Photos by Tony Allen; courtesy of Betsy Bush
Westchester residents discuss how they pursued their dreams after turning 50 in The Latest Version: Change, Growth & Reinvention.
The midlife crisis is a popular trope you’ll see in our culture. Once you turn 50, your life flashes before your eyes, you find yourself questioning your existence, and you start doing crazy, impractical things like buying an overpriced sports car. The reality is that midlife doesn’t have to be a crisis, and that it’s nothing more than a stage in your life that offers new opportunities for personal and professional growth.
Scarsdale resident Betsy Bush explores midlife’s possibilities in the second season of her podcast, The Latest Version: Change, Growth & Reinvention, which just dropped on May 19.

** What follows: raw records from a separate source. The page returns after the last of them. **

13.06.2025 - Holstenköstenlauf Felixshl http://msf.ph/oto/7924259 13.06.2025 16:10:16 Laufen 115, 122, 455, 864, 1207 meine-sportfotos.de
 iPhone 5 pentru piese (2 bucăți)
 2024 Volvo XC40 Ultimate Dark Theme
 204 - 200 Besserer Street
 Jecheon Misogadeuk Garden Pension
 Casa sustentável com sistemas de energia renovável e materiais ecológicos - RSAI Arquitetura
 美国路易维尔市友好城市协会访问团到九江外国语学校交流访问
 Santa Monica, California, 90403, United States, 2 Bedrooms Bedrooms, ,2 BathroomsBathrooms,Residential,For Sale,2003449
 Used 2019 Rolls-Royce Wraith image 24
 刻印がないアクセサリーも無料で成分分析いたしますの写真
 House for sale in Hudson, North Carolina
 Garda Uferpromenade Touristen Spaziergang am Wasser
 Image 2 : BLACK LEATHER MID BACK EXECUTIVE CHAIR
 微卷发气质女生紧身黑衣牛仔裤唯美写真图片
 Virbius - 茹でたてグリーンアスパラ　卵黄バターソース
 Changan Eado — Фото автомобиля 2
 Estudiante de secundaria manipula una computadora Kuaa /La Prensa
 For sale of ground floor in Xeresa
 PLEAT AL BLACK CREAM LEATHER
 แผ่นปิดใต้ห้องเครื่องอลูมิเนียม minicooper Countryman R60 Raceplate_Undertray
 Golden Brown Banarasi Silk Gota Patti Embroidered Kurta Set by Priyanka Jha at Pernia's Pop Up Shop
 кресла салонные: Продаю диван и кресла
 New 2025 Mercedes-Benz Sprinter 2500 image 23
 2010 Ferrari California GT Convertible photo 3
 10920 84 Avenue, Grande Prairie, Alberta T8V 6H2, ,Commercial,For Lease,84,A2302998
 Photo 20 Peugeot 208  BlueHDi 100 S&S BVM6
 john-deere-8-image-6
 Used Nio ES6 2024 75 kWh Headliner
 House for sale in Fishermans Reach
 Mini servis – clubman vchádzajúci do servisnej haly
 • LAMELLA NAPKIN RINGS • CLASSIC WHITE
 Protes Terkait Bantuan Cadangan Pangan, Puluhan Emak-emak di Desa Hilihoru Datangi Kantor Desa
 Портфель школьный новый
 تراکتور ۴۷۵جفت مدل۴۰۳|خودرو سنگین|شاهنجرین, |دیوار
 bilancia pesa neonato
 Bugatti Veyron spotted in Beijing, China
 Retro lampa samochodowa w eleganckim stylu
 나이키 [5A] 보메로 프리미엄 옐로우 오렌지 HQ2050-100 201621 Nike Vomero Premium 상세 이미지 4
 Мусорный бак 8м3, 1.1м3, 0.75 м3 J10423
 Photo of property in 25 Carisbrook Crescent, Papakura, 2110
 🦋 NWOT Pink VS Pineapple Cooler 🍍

In the second season, Betsy talks to people who have made fulfilling life pivots after turning 50. She interviews various Westchester residents including artist Jill Kutrick, fundraising consultant Betsy Steward, and Program Director at Women’s Enterprise Development Center in White Plains Persephone Zill.
The podcast is inspired by her own decision to pursue early interests.
“When my youngest went off to college, I realized how much I was ready for new challenges,” Betsy says. “I applied to Columbia to get a second undergraduate degree in sustainable development, ended up majoring in architecture, and basically got my brain rewired. It made me realize how much I could do if I really tried.”
After graduating from Columbia, Betsy began producing a half-hour show at WVOX hosted by Rev. Pete Jones of Hitchcock Presbyterian Church.
“I loved being back in radio, which was my ambition from my college days at NYU and my early career,” Betsy says. “That’s when I started thinking, ‘I need to be back on the air.’”
Betsy records her interviews at Gotham Podcast Studio in Manhattan. The latest version can be accessed at Apple Podcasts, Spotify, and on the podcast’s website.